**TASK BRIEF**
Repeat exactly the lines that begin at the one containing "Porträt eines gutaussehenden" and end at the final line of the records; include no pictures and nothing else.

[Extracted records]
-----

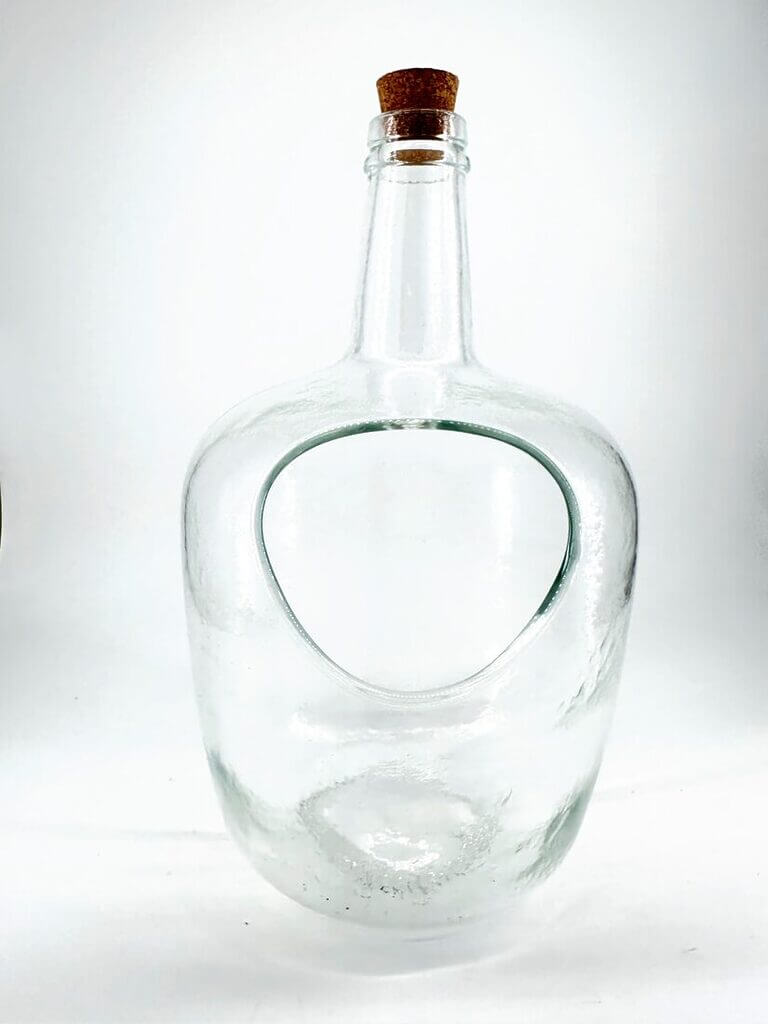 Elegant glass bottle with modern design and cork stopper, featuring a unique cutout for functionality.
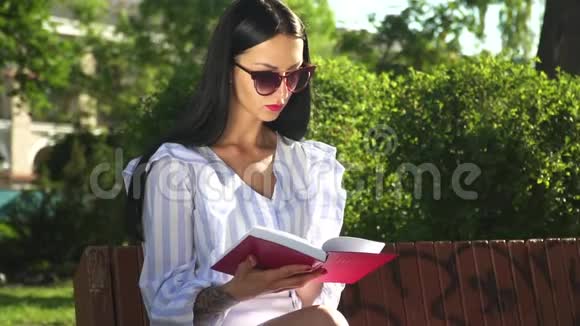 戴太阳镜的漂亮女人读完了公园里的书视频的预览图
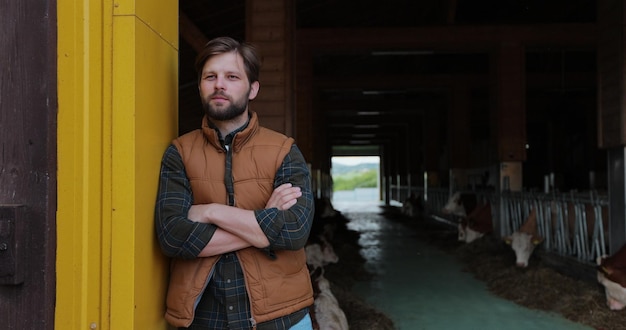 Porträt eines gutaussehenden jungen Landwirts in Hemd und orangefarbener Weste, der im Hintergrund der Milchfarm in die Kamera blickt Landwirtschaftskonzept für die Landwirtschaft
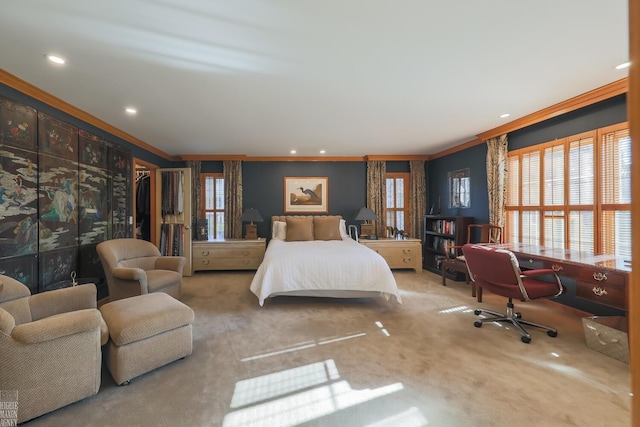 bedroom with carpet floors and crown molding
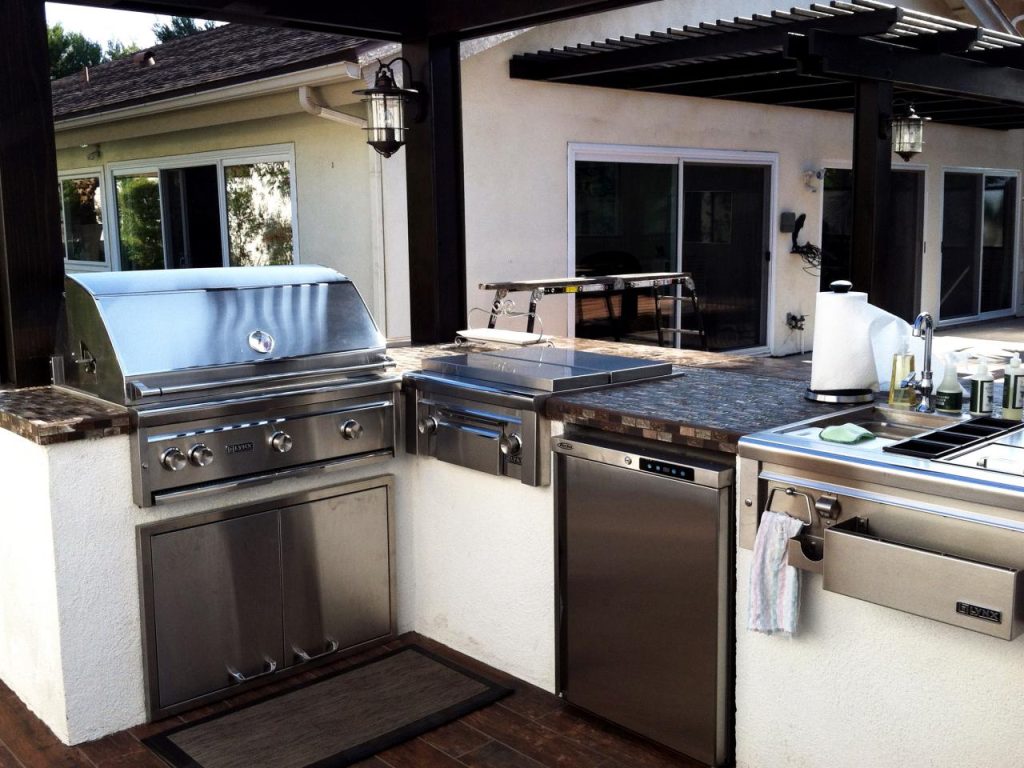 A stainless steel kitchen setup in an outdoor environment, emphasizing its durability and suitability for outdoor use.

-----

**REPLY TO THE EXERCISE**
 Porträt eines gutaussehenden jungen Landwirts in Hemd und orangefarbener Weste, der im Hintergrund der Milchfarm in die Kamera blickt Landwirtschaftskonzept für die Landwirtschaft
 bedroom with carpet floors and crown molding
 A stainless steel kitchen setup in an outdoor environment, emphasizing its durability and suitability for outdoor use.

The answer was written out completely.